The most significant reform proposed by the government last year: the introduction of an electronic wage system to change the way migrants’ salaries are paid, is still in the process of being implemented. Many migrants interviewed by Amnesty International in recent months still complained of late or non-payment of wages.
Qatar has also failed to meet its target to have 300 labour inspectors in place by the end of 2014.There has been only limited progress on measures to improve safety on construction sites, regulate exploitative recruitment agencies and improve access to justice for victims of labour exploitation.
Even if all the reforms Qatar announced in May 2014 had been implemented, these measures would not be sufficient to address the root causes behind widespread exploitation of migrant workers.
In November 2013, a report published by Amnesty International revealed that abuse and exploitation of migrant construction workers was rife and in some cases amounted to forced labour. Although Qatar has since repeatedly expressed a strong desire to stamp out this abuse, for many migrants very little has changed.
Ranjith, a Sri Lankan migrant worker interviewed by Amnesty International this year, has not been paid since he arrived in Qatar five months ago. He has no ID and no contract. His accommodation in a workers camp in the Industrial Area is cramped and filthy.
“I just want to work and earn some money for my wife and children, but because of my sponsor I can’t change jobs. If I go to the police they will arrest me and deport me because I do not have an ID,” he told Amnesty International.

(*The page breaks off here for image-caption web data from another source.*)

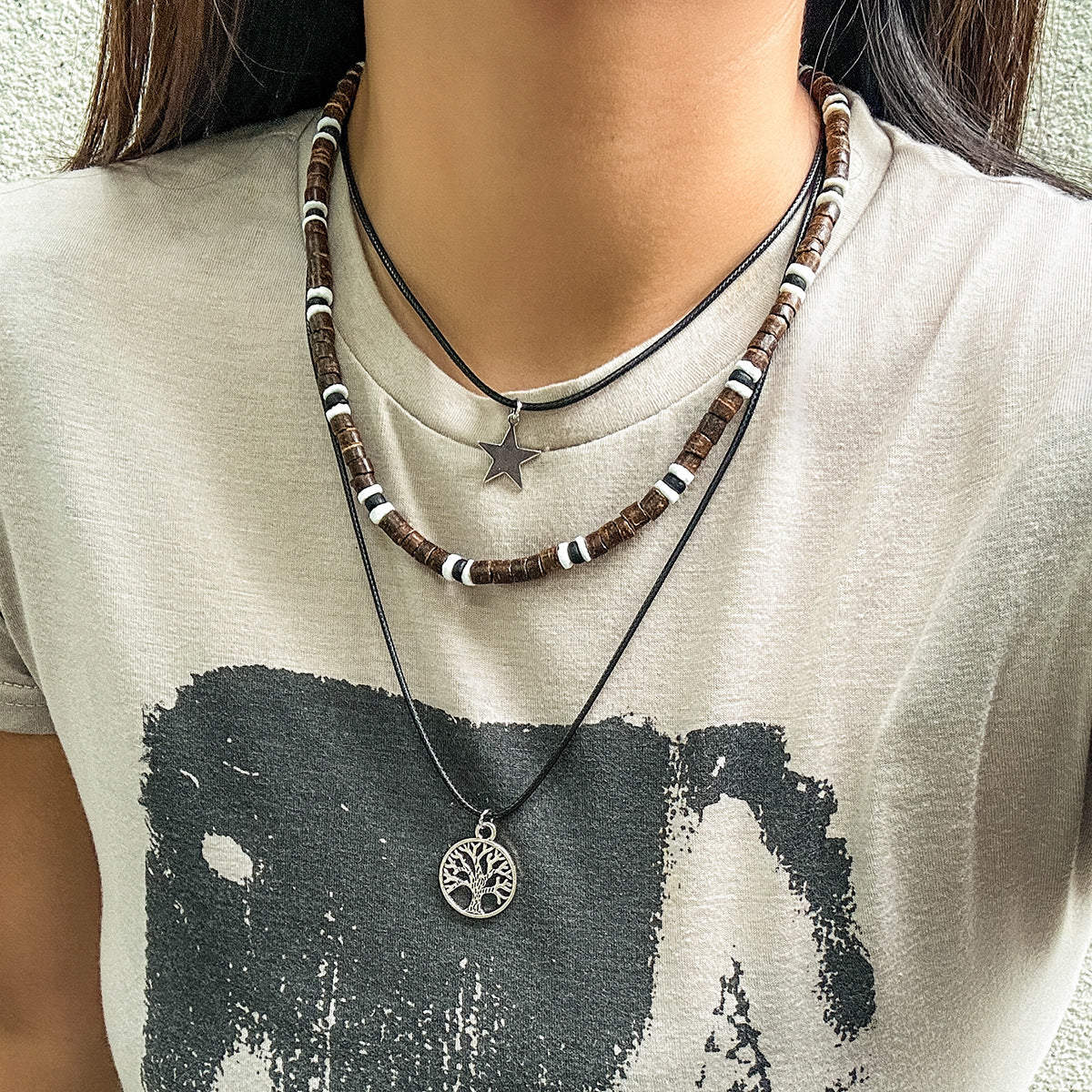 Women's Butterfly Wooden Bead Vintage Necklace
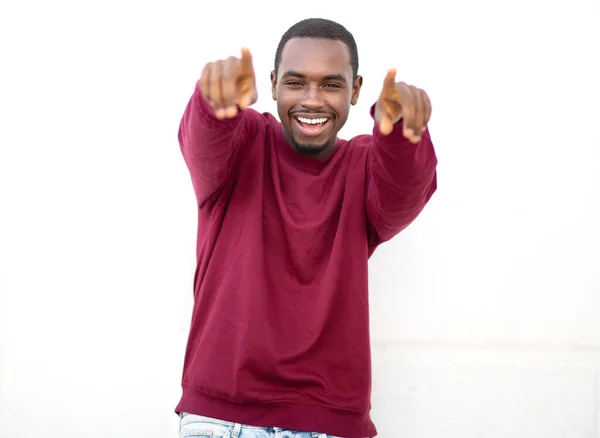 Portrait Cool Young African American Guy Pointing You White Wall — Stock Photo, Image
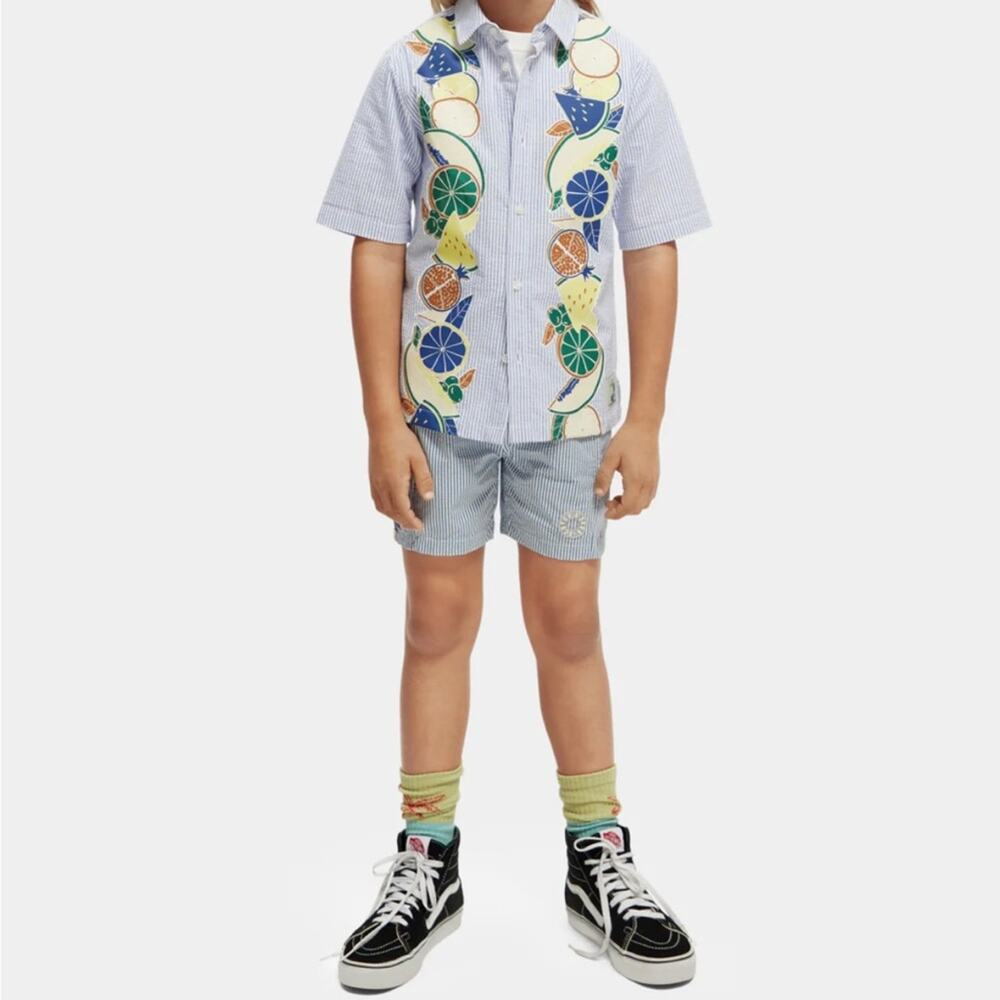 NWT Scotch & Soda Blue Pinstripe Seersucker Tropical Fruit Short Sleeve Shirt 12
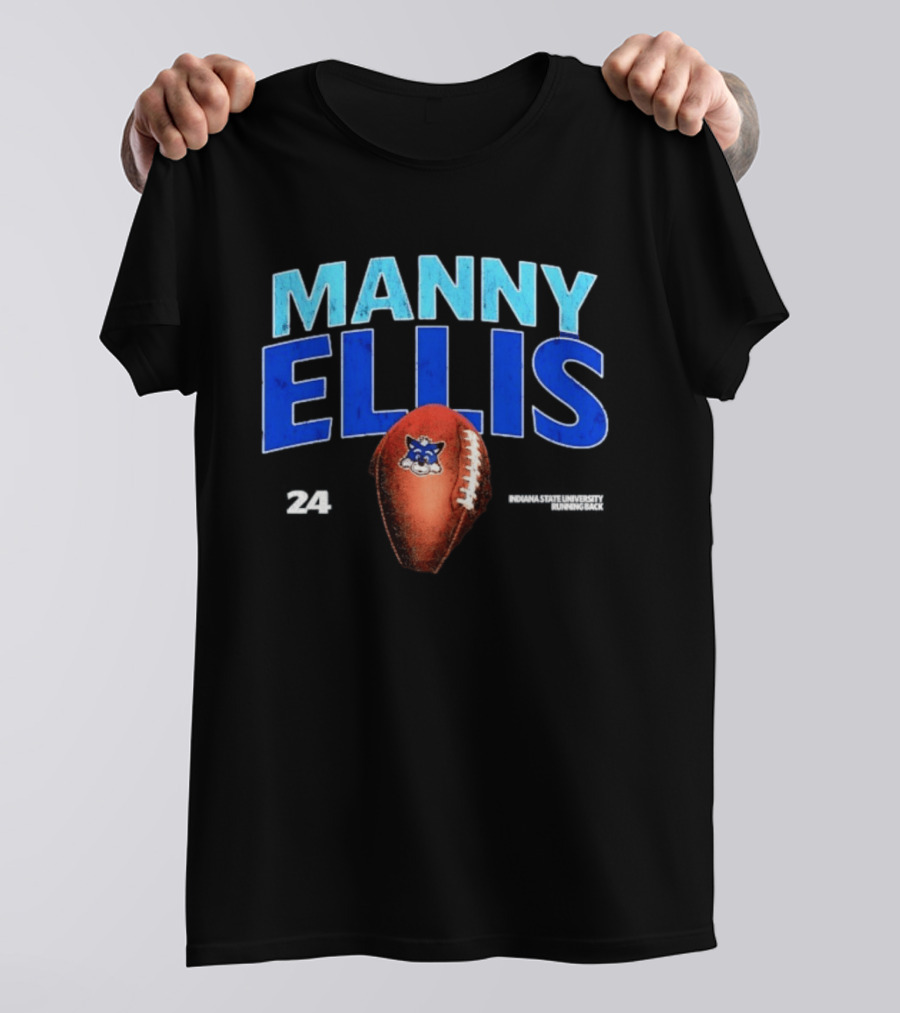 Manny Ellis 24 Indiana State University Running Back Football Sycamores T-Shirt
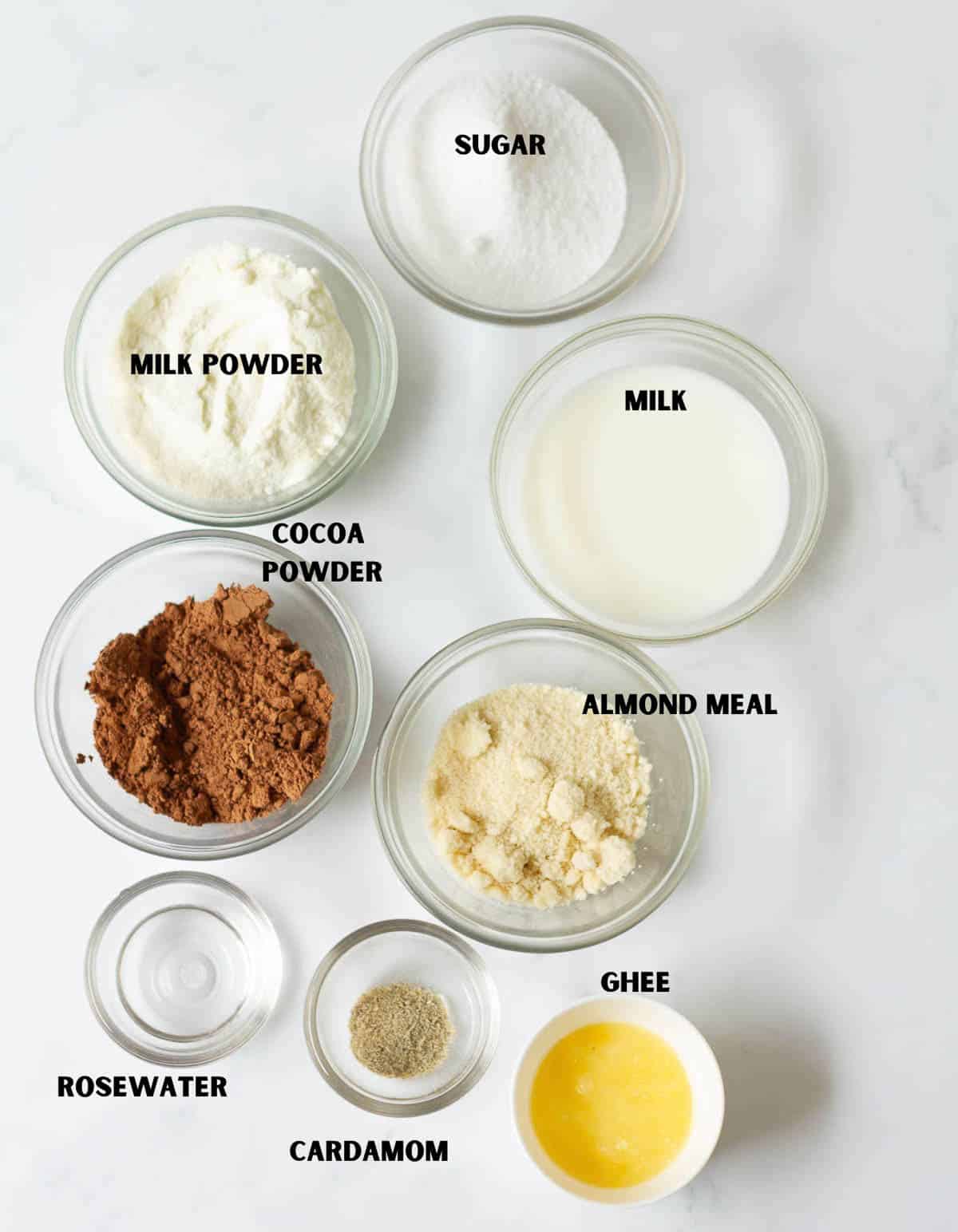 Labelled ingredients for making chocolate peda.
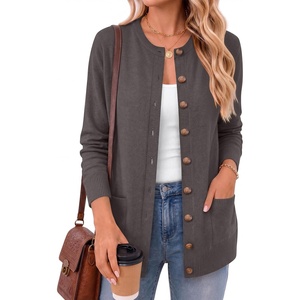 image:imageANRABESS Cardigan Sweater for Women Button Up 2026 Fall Outfits  Cover Hip LengthLong Sleeve Sweater CoatComfy Knit Cardigan ampPocketsCausal Work Teacher ClothesTravel Vacation OutwearDeep Taupe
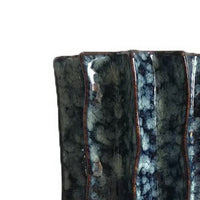 Asmi Decorative Vase, 2-Tier Design, Ribbed Brown and Gray Ceramic 14 Inch-BM353419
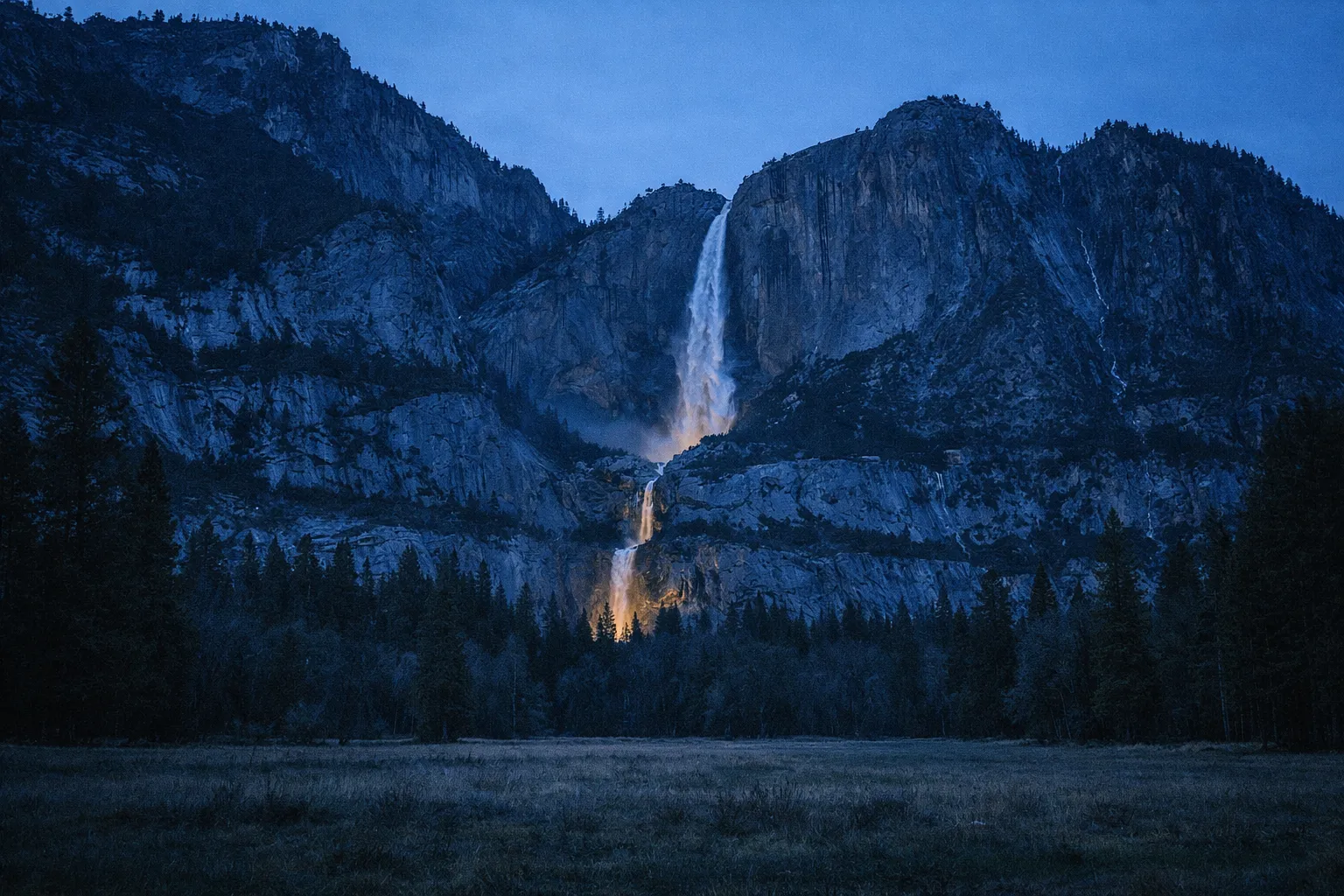 Yosemite Falls cascades down granite cliffs at dusk, surrounded by forest and mountains in Yosemite National Park.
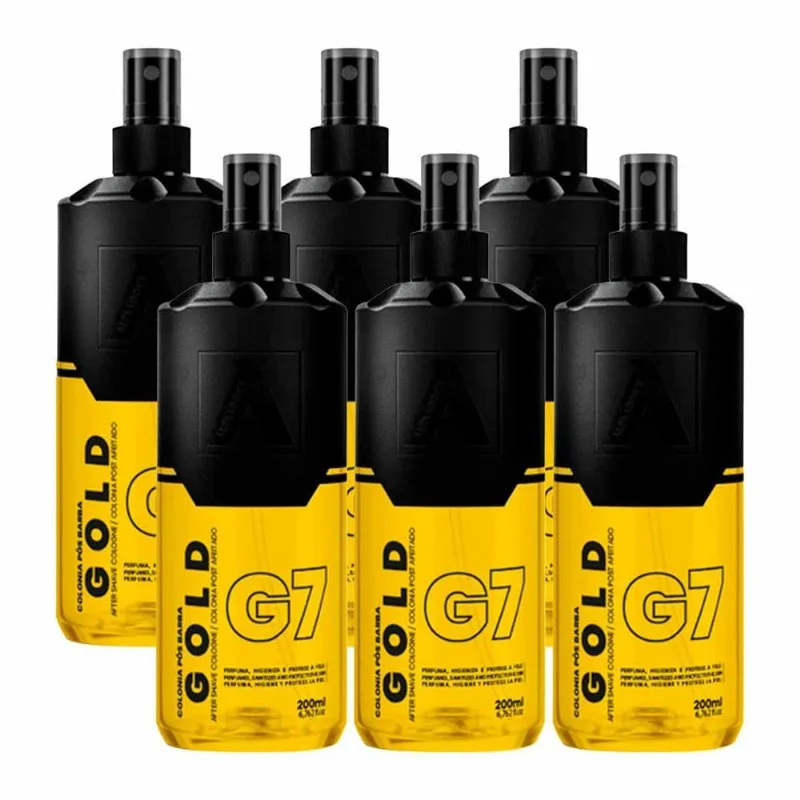 Kit 6x Loção Pós Barba Gold G7 200ml Alfa Looks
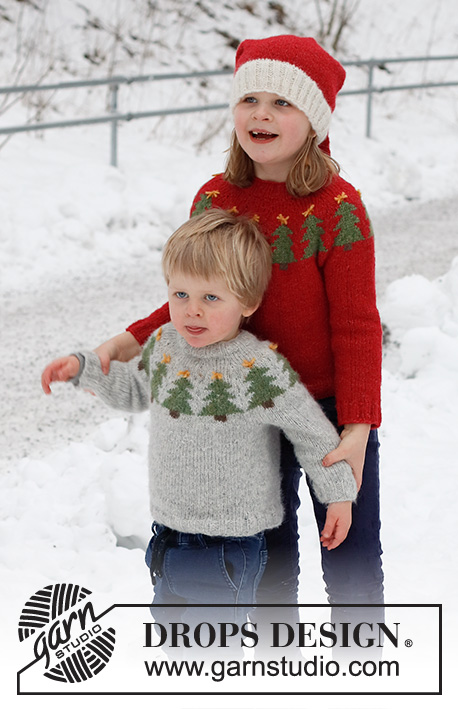 Merry Trees / DROPS Children 41-2 - Knitted sweater for children in DROPS Air. The sweater is worked top down with round yoke and Christmas tree pattern. Sizes 2 - 14 years. Theme: Christmas.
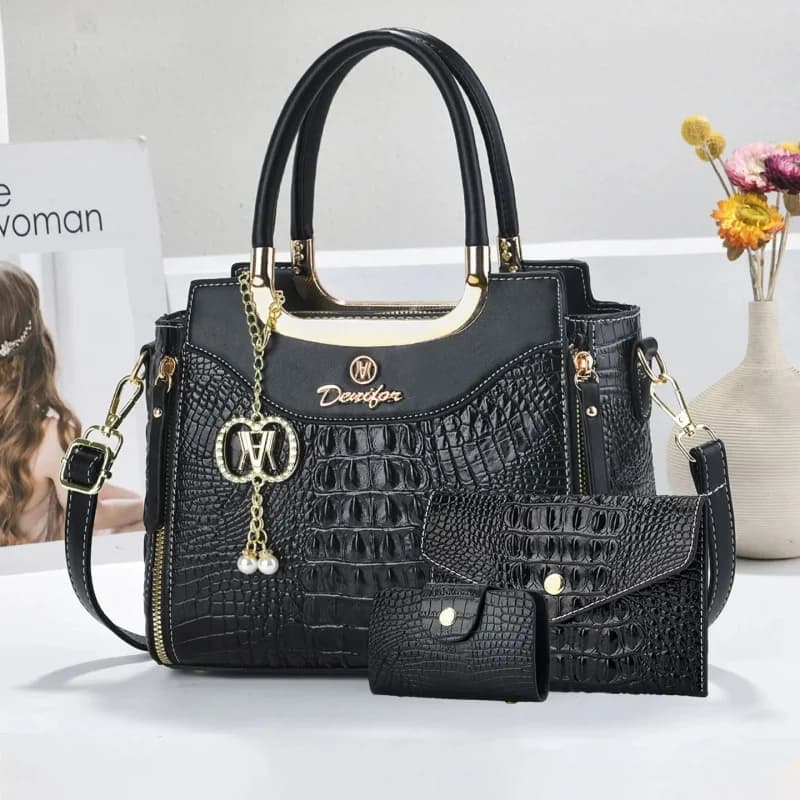 Women's Crocodile Texture Handbag Set, 3-Piece Color-Block Large Capacity Tote Bag, Fashionable Shoulder Crossbody Bag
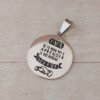 DIJE DE ACERO MEDALLA CON LEYENDA «PAPÁ DE TU MANO VOY A APRENDER LO QUE MAÑANA VOY A SER» . 25 MM
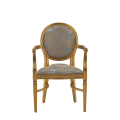 Chandelle Armchair in Gold with Damask Moonshine Seat Pad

“The reality is that more than a year and half after Amnesty International highlighted rampant exploitation of migrants –little has been done to address the root causes of this abuse. We are one year closer to Qatar’s 2022 World Cup – time for changes to be implemented is running out,” said Mustafa Qadri.
“With Qatar’s construction boom continuing and the migrant worker population set to expand to 2.5 million, the need for urgent reform is more pressing than ever.”
The reality is that more than a year and half after Amnesty International highlighted rampant exploitation of migrants –little has been done to address the root causes of this abuse.Mustafa Qadri
Rather than take the necessary action to address labour exploitation, recent action by the Qatari authorities raises questions about whether they are more interested in covering up abuse than stamping it out.
Journalists and human rights workers investigating conditions for migrant workers in Qatar have faced detention and interrogation by the authorities. In the past month alone, journalists doing separate investigations into exploitation of migrant workers for the German broadcaster WDR and the BBC have been detained.
“Seeking to silence those documenting the conditions of migrant workers by detaining and intimidating them sends the message that the government is more concerned about its image than dealing with the appalling reality of the tens of thousands of men and women who are abused in Qatar,” said Mustafa Qadri.